How group with min(date) and select an another column in the same table
I infer that your data looks like this:
Person Table
╔══════════╦═══════╦════════╗
║ PersonID ║ Name ║ Gender ║
╠══════════╬═══════╬════════╣
║ 1 ║ John ║ M ║
║ 2 ║ Vicky ║ F ║
║ 3 ║ Bob ║ M ║
╚══════════╩═══════╩════════╝
Job Table
╔══════════╦═════════════╦════════════╗
║ PersonID ║ JobName ║ HireDate ║
╠══════════╬═════════════╬════════════╣
║ 1 ║ Electrician ║ 2010-01-01 ║
║ 1 ║ Mechanic ║ 2012-05-08 ║
║ 2 ║ Scientific ║ 2012-11-11 ║
╚══════════╩═════════════╩════════════╝
The first task is to find the first job (by hire date) for each person. One neat way to do that is by using a correlated subquery:
SELECT j.*
FROM dbo.Job AS j
WHERE
j.HireDate =
(
SELECT MIN(j2.HireDate)
FROM dbo.Job AS j2
WHERE j2.PersonID = j.PersonID
);
Notice the correlation WHERE j2.PersonID = j.PersonID
between the inner and outer queries there. The output of that query is:
╔══════════╦═════════════╦════════════╗
║ PersonID ║ JobName ║ HireDate ║
╠══════════╬═════════════╬════════════╣
║ 1 ║ Electrician ║ 2010-01-01 ║
║ 2 ║ Scientific ║ 2012-11-11 ║
╚══════════╩═════════════╩════════════╝
The execution plan (given a clustered PRIMARY KEY
on PersonID, HireDate
) is:
The interesting thing about that plan is the Job table is only scanned once, despite there being two references to it in the original query. The plan uses an optimization that I call Segment Top. Essentially the execution engine takes advantage of the index order to detect the start of a new group (segment) and take just the first row from each group (top).
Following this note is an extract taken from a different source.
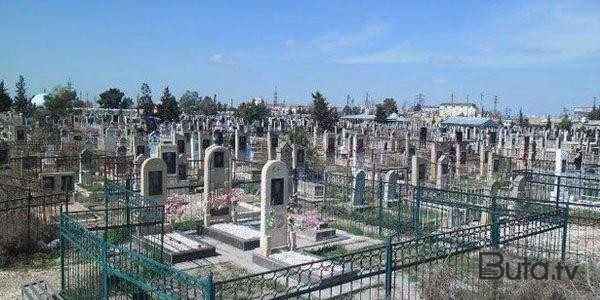  Tovuzda qadın ərinin məzarı başında öldü  
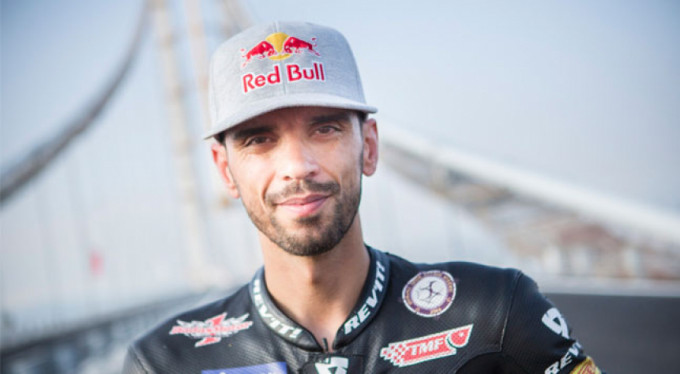 Kenan Sofuoğlu, ambulans uçakla İstanbul'a getirildi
Now that we have that result, all we need do is join it back to the Person table:
SELECT
p.PersonName,
p.Gender,
j.JobName
FROM dbo.Person AS p
LEFT JOIN
(
-- Previous query
SELECT j.*
FROM dbo.Job AS j
WHERE
j.HireDate =
(
SELECT MIN(j2.HireDate)
FROM dbo.Job AS j2
WHERE j2.PersonID = j.PersonID
)
) AS j ON
j.PersonID = p.PersonID
OPTION (MERGE JOIN);
The execution plan is:
The OPTION (MERGE JOIN)
is not required; I just added it to show the plan you are likely to get when the tables contain a larger number of rows than in this small example.
Table definitions and sample data:
CREATE TABLE dbo.Person
(
PersonID integer NOT NULL,
PersonName varchar(30) NOT NULL,
Gender char(1) NOT NULL,
PRIMARY KEY (PersonID)
);
CREATE TABLE dbo.Job
(
PersonID integer NOT NULL,
JobName varchar(30) NOT NULL,
HireDate datetime NOT NULL,
PRIMARY KEY (PersonID, HireDate)
);
INSERT dbo.Person
(PersonID, PersonName, Gender)
SELECT 1, 'John', 'M' UNION ALL
SELECT 2, 'Vicky', 'F' UNION ALL
SELECT 3, 'Bob', 'M';
INSERT dbo.Job
(PersonID, JobName, HireDate)
SELECT 1, 'Mechanic', '20120508' UNION ALL
SELECT 1, 'Electrician', '20100101' UNION ALL
SELECT 2, 'Scientific', '20121111';